Thanks for the detailed summary and code. You’re on the right track with isolating documents into separate OS processes and brokering cross-process calls. Below is an actionable plan that addresses the main flaws and guides a refactor toward a robust, efficient, and cross-platform architecture.

High-level goals to keep
- Keep process isolation per document (“renderer”), supervised by a single “workspace” process.
- Enforce single-writer/single-process ownership for resources that require it (e.g., database).
- Allow renderers to call services via well-defined, capability-gated IPC.
- Ensure a renderer crash doesn’t bring down the workspace or other renderers.
- Provide a high-throughput/low-overhead path for large payloads (e.g., frames).

What’s problematic today
- Transport and protocol
  - JSON over HTTP with polling (ureq + tiny_http) is inefficient, blocking, and hard to extend (no backpressure, no streaming, high overhead for binary frames).
  - Polling with tight loops is wasteful. You want a persistent, duplex channel with request-response and streaming support.
- Concurrency model
  - Mixing Tokio async and blocking (ureq, tiny_http, std::thread::spawn) will cause performance and correctness problems.
  - Global state via OnceCell<Arc<Mutex<…>>> plus std::sync::Mutex inside async contexts is risky; you can deadlock or block the runtime.
- Process management
  - No proper supervisor tree semantics; cleanup relies on panic hooks and best-effort iteration, not OS facilities.
  - ProcessManager uses processes.len() for IDs; removing entries later can lead to ID reuse/bugs.
  - No structured lifecycle (graceful shutdown with escalation; heartbeats; watchdog).
- Security/authorization
  - Per-channel “auth key in header” with dynamic add_channel is simple but doesn’t tie method authorization to capabilities; any holder of a channel can call any method for that service.
  - Server trusts names too much (Vec<Channel> keyed by name). Use a map keyed by unguessable token, and bind allowed methods per token.
- Design boundaries
  - Storage/DB code in IPC module is a smell. If DB is single-process, make it a dedicated service process and move DB code behind that service’s API.
  - “One subprocess per Rust module” will cause a process explosion and awkward service boundaries. Prefer a small set of service processes with well-defined APIs, not per-module processes.
- Data plane for frames
  - JSON-encoding bitmaps is a non-starter for performance.

Recommended architecture

1) Process model and supervision
- Workspace = supervisor + IPC router
  - Owns all listener endpoints.
  - Spawns and tracks child processes and their metadata.
  - Enforces authorization by capability token per child.
  - Handles routing for anything that must be centrally arbitrated (e.g., access to shared services).
- Service processes (stable small set)
  - storage service: sole owner of the DB (only this process touches the DB).
  - io/network service(s): optional, depending on how much you want to isolate.
  - renderer processes: one per document (and per embedded document), sandboxed.
- Renderer subprocesses should not spawn more subprocesses directly
  - Instead, renderers ask the workspace to spawn a child (renderer or worker), passing a capability bundle. This preserves policy enforcement and supervision.
- OS-level supervision
  - Unix: create a new process group/session for each renderer subtree (setpgid) and set PR_SET_PDEATHSIG to ensure children die if parent dies.
  - Windows: attach each subtree to a Job Object with “kill on close” semantics. On shutdown, terminate the job to kill the whole subtree.
  - Keep explicit Child handles and wait on exit to reclaim resources and update ProcessManager.

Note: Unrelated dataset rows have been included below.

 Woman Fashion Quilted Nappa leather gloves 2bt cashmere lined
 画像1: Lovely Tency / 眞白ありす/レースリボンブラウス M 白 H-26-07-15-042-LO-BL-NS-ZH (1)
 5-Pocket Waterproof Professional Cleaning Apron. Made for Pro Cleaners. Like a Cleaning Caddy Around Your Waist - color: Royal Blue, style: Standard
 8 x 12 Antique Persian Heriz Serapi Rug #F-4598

2) IPC transport and protocol
- Transport
  - Use a persistent, duplex, framed connection per process.
    - Unix: Unix Domain Sockets via tokio::net::UnixStream
    - Windows: Named Pipes via a crate like tokio-named-pipes or interprocess crate (LocalSocket) for a cross-platform abstraction.
  - Avoid per-message HTTP or polling. Maintain a single connection and multiplex logical channels over it.
- Framing & serialization
  - Use length-delimited framing (tokio-util::codec::LengthDelimitedCodec) or an established RPC protocol.
  - Serialize with bincode or MessagePack (rmp-serde) for compactness. JSON can still be supported for debug, but not for hot paths.
  - Define a tagged enum for messages: Request { id, method, args }, Response { id, result|error }, Event { … }, Stream { id, chunk|eof }, etc.
- Multiplexing
  - Implement request-response with correlation IDs.
  - Support cancellation (client can send “cancel id”).
  - For high-volume streams (frames), create a substream concept or move the payload into shared memory (see below).
- Authorization
  - On connection setup, client sends a workspace-minted capability token.
  - The server binds that connection to a capability set: allowed methods and quotas. Enforce on every request by connection ID.
  - Eliminate the current “add_channel” by name; the workspace registers processes internally, and clients only authenticate once per connection with an unguessable token.
- Typed API surface
  - Prefer a compile-time-checked API: define traits/enums representing methods. Use serde with enums or codegen (e.g., tarpc, tonic) to generate client/server stubs.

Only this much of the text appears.